All lines from the one with "DN-35122 JC 22.8V-250W" onward, through the last line of the records below, are to be retyped word for word.

Collection entries:
■ ■ ■ ■ ■ ■ ■

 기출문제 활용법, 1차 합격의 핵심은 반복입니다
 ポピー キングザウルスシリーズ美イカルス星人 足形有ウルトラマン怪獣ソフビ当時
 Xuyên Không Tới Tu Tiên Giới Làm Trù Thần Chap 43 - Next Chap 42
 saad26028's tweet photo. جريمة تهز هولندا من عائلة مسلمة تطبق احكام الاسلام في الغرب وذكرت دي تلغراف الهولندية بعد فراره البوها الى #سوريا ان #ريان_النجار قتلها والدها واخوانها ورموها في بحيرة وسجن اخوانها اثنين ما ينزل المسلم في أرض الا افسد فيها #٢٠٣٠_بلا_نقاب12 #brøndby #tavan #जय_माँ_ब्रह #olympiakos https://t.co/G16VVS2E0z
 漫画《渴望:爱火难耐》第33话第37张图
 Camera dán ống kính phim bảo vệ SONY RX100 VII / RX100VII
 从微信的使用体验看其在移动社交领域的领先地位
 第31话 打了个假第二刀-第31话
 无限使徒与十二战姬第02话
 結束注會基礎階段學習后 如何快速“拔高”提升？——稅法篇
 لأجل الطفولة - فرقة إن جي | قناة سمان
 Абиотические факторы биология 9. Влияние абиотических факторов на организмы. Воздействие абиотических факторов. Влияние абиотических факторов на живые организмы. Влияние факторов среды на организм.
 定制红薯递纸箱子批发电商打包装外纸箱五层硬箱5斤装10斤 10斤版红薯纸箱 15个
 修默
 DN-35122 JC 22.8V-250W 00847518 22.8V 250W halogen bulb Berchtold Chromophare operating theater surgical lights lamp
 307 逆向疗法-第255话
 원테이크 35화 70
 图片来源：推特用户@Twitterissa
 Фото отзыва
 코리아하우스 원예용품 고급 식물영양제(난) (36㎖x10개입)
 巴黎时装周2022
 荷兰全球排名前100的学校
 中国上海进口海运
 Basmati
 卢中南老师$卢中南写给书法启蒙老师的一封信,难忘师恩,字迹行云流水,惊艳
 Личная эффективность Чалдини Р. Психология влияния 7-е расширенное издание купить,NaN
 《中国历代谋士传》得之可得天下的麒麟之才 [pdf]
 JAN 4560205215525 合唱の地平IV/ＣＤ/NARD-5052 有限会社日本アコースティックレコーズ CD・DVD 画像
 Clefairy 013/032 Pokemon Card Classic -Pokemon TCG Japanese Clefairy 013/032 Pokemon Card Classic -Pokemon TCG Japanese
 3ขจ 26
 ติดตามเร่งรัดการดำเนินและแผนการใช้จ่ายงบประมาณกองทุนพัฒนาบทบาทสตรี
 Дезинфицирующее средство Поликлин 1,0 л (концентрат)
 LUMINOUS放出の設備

■ ■ ■ ■ ■ ■ ■

* **EXERCISE SOLUTION**:
 DN-35122 JC 22.8V-250W 00847518 22.8V 250W halogen bulb Berchtold Chromophare operating theater surgical lights lamp
 307 逆向疗法-第255话
 원테이크 35화 70
 图片来源：推特用户@Twitterissa
 Фото отзыва
 코리아하우스 원예용품 고급 식물영양제(난) (36㎖x10개입)
 巴黎时装周2022
 荷兰全球排名前100的学校
 中国上海进口海运
 Basmati
 卢中南老师$卢中南写给书法启蒙老师的一封信,难忘师恩,字迹行云流水,惊艳
 Личная эффективность Чалдини Р. Психология влияния 7-е расширенное издание купить,NaN
 《中国历代谋士传》得之可得天下的麒麟之才 [pdf]
 JAN 4560205215525 合唱の地平IV/ＣＤ/NARD-5052 有限会社日本アコースティックレコーズ CD・DVD 画像
 Clefairy 013/032 Pokemon Card Classic -Pokemon TCG Japanese Clefairy 013/032 Pokemon Card Classic -Pokemon TCG Japanese
 3ขจ 26
 ติดตามเร่งรัดการดำเนินและแผนการใช้จ่ายงบประมาณกองทุนพัฒนาบทบาทสตรี
 Дезинфицирующее средство Поликлин 1,0 л (концентрат)
 LUMINOUS放出の設備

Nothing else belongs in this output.